Erdoğan’ın Faiz İndirim Açıklaması Ekonomiyi Sarsıyor!

Türkiye’de 28 Mayıs 2023 tarihinde gerçekleştirilen seçimlerin ardından yeni ekonomi yönetimi, yüksek enflasyonla başa çıkabilmek için geleneksel iktisat politikasına geri dönmüş ve ardından ardı ardına faiz artırımı kararları almıştır. Türkiye Cumhuriyet Merkez Bankası (TCMB), son 8 aylık dönemde politika faizini yüzde 50 seviyesinde sabit tutmuşken, bu hafta 250 baz puanlık bir faiz indirimine gitti. Bu durum, gelecek yıl özellikle izlenecek ekonomi politikaları hakkında bazı endişeleri artırmıştı.
Yatırımcıların duyduğu belirsizlik ve endişenin üzerine, Cumhurbaşkanı Recep Tayyip Erdoğan’ın yaptığı açıklamalar ise iktisatçılar arasında ciddi kaygılar yaratmıştır. 27 Ekim 2023 tarihinde, Bursa’daki Tofaş Spor Salonu’nda gerçekleştirilen AK Parti Bursa 8. Olağan İl Kongresi’nde konuşan Erdoğan, “Faizi kesinlikle indirmeye başlayacağız. 2025, bunun işaret yılı olacaktır. Faiz inecek ki enflasyon da insin. Bu adımı atacağız. Bu bizim artık olmazsa olmazımız,” ifadelerini kullanmıştır. Bu sözler, Türkiye ekonomisinde son yıllarda ağır sonuçlar doğuran ‘Faiz Sebep Enflasyon Sonuçtur’ görüşünün yeniden mi benimsenip benimsenmeyeceği sorusunu gündeme getirmiştir.
‘EYVAH Kİ, EYVAHHHH!’
Cumhurbaşkanı Erdoğan’ın açıklamalarına ilk tepki ekonomist Atilla Yeşilada’dan gelmiştir. Yeşilada, sosyal medya hesabından yaptığı paylaşımda, Erdoğan’ın sözlerinin yer aldığı habere karşılıksız olarak, “Eyvah ki, EYVAHHHH!” notunu düşerek endişelerini ifade etmiştir. Ekonomist, bu tür açıklamaların piyasalardaki belirsizliği artırdığını ve yatırımcıları olumsuz etkilediğini belirtmiştir.

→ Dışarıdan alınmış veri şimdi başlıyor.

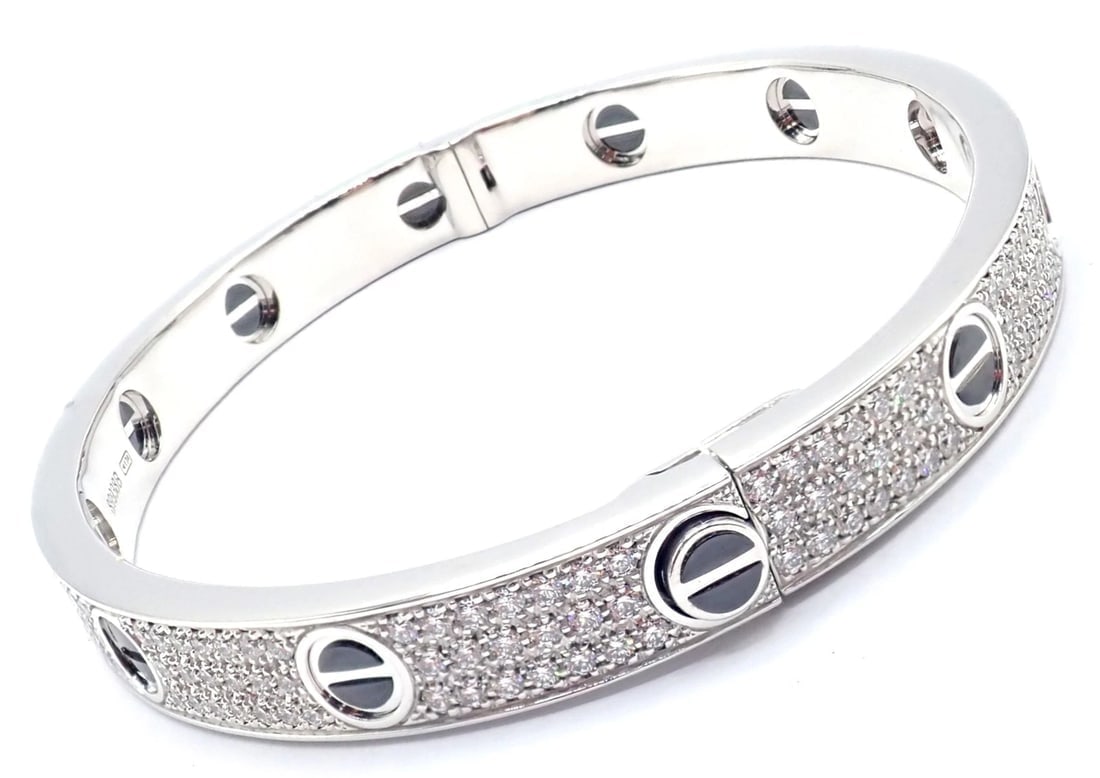Authentic! Cartier Love 18k White Gold Diamond Pave Ceramic Bracelet Sz 18 Paper - 3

Öte yandan, Yeşilada bir medya programında yaptığı yorumda, 2025 yılına kadar TCMB’nin agresif faiz indirimlerine gitmemesi gerektiğini vurgulamıştır. Türkiye’nin uluslararası piyasalarda hâlâ “Erdoğan, NAS politikalarına dönüş yapar mı?” endişesi altında olduğunu ifade etmiştir. Yeşilada, yüksek enflasyonu etkili bir şekilde kontrol altına almak için Merkez Bankası’nın ani ve sert faiz indirimleri uygulaması halinde, ekonominin telafisi olmayan bir darbe alabileceğini belirtmiştir. Bu durum, Türk lirasının değerinin ciddi bir düşüş yaşaması ve döviz kriziyle birlikte daha büyük ekonomik sorunların patlak vermesi ihtimalini doğurabilir.
Bu gelişmeler göz önüne alındığında, Türkiye’nin ekonomik geleceği üzerindeki belirsizlikler artmakta ve yatırımcılar arasında kaygılar büyümektedir. Ekonomik istikrarı sağlamak için atılacak adımlar, hem Merkez Bankası’nın faiz politikaları hem de hükümetin ekonomik yaklaşımlarındaki değişimlerle doğrudan ilişkilidir. Herkesin gözü, önümüzdeki dönemde alınacak olan kararlar üzerindedir.